┌─ Data shown

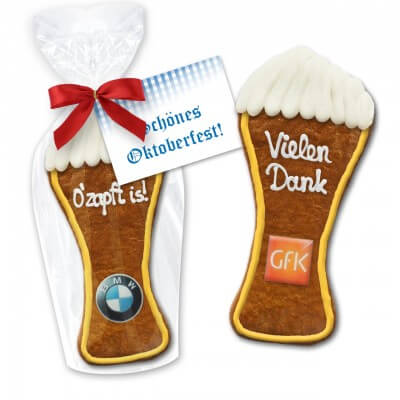 Gingerbread in white beer form 22cm - In cellophane with logo and advertising card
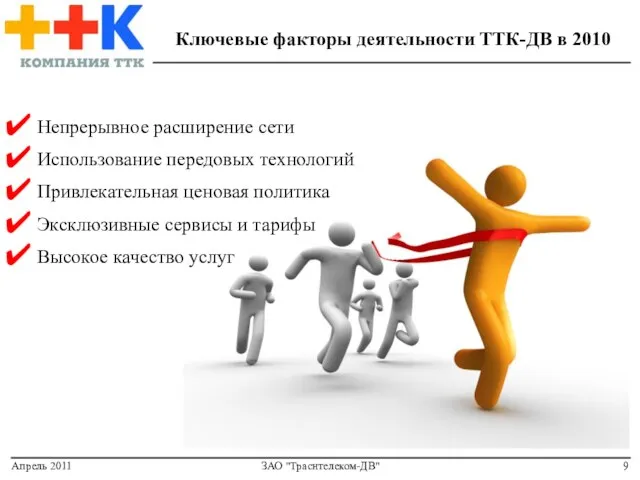 Апрель 2011 ЗАО "Траснтелеком-ДВ" Ключевые факторы деятельности ТТК-ДВ в 2010 Непрерывное расширение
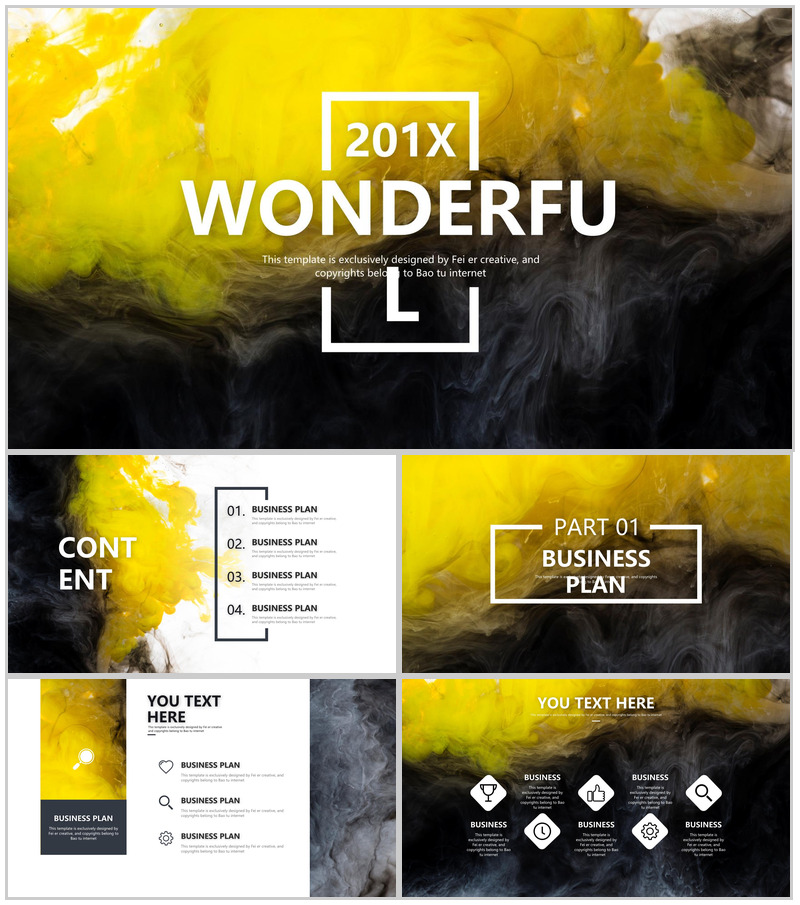黄色渐变大气商务计划书PPT模板-办公资源网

└─

Once the pictures are set aside, give the rest of the listing again exactly.

§ Task answer
 Gingerbread in white beer form 22cm - In cellophane with logo and advertising card
 Апрель 2011 ЗАО "Траснтелеком-ДВ" Ключевые факторы деятельности ТТК-ДВ в 2010 Непрерывное расширение
黄色渐变大气商务计划书PPT模板-办公资源网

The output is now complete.